Track 4: Diversity, Population Change, and Gentrification in the Preservation Dialogue
APT Student Scholar Abstract and Application
The project works to develop an experimental methodology for assessing the social outcomes of publicly-funded, privately-owned adaptive reuse projects. While historic preservation claims many benefits, few--aside from economic outcomes in particular--are well-documented through data collection, observation, and other techniques used in post-occupancy evaluation. The purpose of the research project is begin to examine the social dimension of outcomes from adaptive reuse projects, or in other words to capture and analyze the relationship between design of adaptive reuse projects and community. The relatively uncharted territory of social outcomes research in adaptive reuse projects as a vehicle for improved, evidenced-based design of such projects necessitates a new kind of methodology.

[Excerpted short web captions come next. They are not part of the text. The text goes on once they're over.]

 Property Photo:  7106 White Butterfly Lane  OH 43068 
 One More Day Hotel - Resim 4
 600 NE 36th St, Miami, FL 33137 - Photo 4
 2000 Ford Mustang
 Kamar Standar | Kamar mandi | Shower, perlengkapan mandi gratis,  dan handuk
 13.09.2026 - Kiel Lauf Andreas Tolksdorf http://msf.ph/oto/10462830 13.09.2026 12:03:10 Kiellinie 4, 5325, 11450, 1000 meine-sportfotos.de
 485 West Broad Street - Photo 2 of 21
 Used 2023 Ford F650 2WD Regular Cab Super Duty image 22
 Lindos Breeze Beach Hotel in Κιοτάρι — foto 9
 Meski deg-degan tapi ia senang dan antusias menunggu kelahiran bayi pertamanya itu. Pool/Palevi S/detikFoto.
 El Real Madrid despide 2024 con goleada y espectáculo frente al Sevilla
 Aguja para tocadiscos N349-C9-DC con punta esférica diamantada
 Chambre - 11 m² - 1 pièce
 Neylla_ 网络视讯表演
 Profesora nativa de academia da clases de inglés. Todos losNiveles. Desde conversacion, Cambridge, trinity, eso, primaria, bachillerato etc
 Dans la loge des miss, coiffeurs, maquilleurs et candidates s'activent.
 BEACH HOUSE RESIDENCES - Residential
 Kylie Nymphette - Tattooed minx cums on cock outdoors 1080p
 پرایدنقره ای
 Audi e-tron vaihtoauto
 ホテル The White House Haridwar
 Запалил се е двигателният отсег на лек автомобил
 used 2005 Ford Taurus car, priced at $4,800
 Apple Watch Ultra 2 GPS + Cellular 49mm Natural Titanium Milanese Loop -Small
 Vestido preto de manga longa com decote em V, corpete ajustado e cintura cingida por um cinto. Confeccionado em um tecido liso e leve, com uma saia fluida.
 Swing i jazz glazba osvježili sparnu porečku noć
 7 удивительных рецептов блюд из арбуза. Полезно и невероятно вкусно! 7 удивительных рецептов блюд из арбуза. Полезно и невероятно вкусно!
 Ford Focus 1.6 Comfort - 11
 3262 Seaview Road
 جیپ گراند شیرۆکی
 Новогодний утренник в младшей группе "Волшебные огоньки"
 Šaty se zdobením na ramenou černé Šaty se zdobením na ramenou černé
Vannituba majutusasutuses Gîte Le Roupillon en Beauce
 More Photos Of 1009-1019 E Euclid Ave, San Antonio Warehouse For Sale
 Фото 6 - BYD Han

The thesis research will involve developing and testing an experimental methodology on one case. The results of that test case will inform a second iteration of the methodology that can be tested on additional cases. The research draws on a body of literature theorizing, proposing, and reporting on practice that espouses a values-based approach to heritage conservation. While much of this work focuses on theory and methodology of capturing and assessing values ascribed to heritage, both the values- and outcomes-related work forms an important conceptual and practical framework for my research. The methodology will consist of producing drawings based on observed behaviors in and near the historic buildings and collecting qualitative data through interviews with building users. Evidence-based design for social spaces, as seen in the work of Jan Gehl in particular, provides a model for this work. Through this research project, I seek to understand the ways that heritage conservation does or does not produce social benefits for the public even if the property is privately owned. Consequently, the project may result in a set of recommendations for best practices in adaptive reuse projects for making historic preservation accessible and beneficial for all community members.